- [Available data]

========

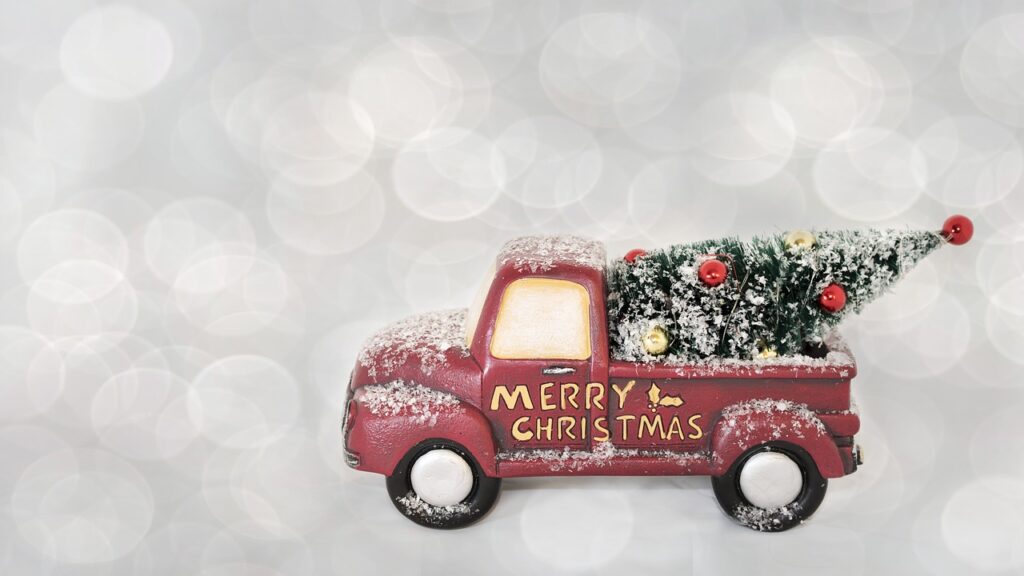 Merry Christmas. An image of a truck with a Christmas tree and "Merry Christmas" on the side.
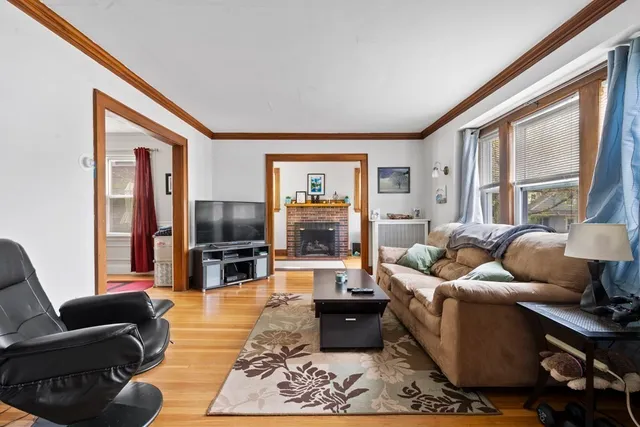 a living room with furniture large window and flat screen tv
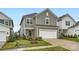 Charming gray two-story home with a two-car garage and well-manicured front yard at 15116 Caspian Way, Charlotte, NC 28278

========

- [What this task involves]
Apart from the images, every line above is to be given again exactly.

- [Result below]
 Merry Christmas. An image of a truck with a Christmas tree and "Merry Christmas" on the side.
 a living room with furniture large window and flat screen tv
 Charming gray two-story home with a two-car garage and well-manicured front yard at 15116 Caspian Way, Charlotte, NC 28278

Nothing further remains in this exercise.